Why This List Exists
Every SharePoint 2016 and 2019 to SharePoint Online migration we have run or reviewed hits at least three of the following fifteen failure modes. The ones that become project-breaking are always the ones that were not anticipated in assessment.
This article is the failure-mode reference that pairs with the migration checklist and the July 14, 2026 end-of-support pillar decision guide.
Each failure mode below has three parts: what it looks like, why it happens, and what to do about it.
1. Skipping the Pilot Wave
What it looks like: Mid-way through the production-wave schedule, thousands of users hit permission errors, missing search results, or broken workflows. Root cause analysis takes 3 to 5 days per issue while business operations degrade.
Why it happens: Deadline pressure. Teams compress the pilot from 2 to 3 weeks to a single weekend to make room for production waves.
Countermeasure: Protect the pilot as the most important 2 to 3 weeks of the project. Pilot one department with 30 to 100 users, mixed content types, at least one executive, at least one power user, at least one regulated-content scenario.
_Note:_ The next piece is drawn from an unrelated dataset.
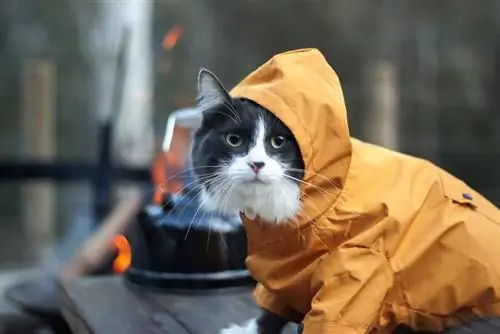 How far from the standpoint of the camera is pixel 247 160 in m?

Sign off the pilot formally with executive sponsor approval before proceeding to production waves.
2. Broken Permission Inheritance Carried Forward
What it looks like: Post-migration, users see missing-document tickets for weeks. The IT team chases ghost-permission issues one at a time.
Why it happens: Source farms often have years of broken-inheritance and direct-user grants that migration tools replicate literally. On SharePoint Online, the tangled permission state is even harder to reason about than on-prem.
Countermeasure: Redesign permissions during migration. Map every source permission to an Azure AD security group. Fix broken inheritance in the destination, not the source.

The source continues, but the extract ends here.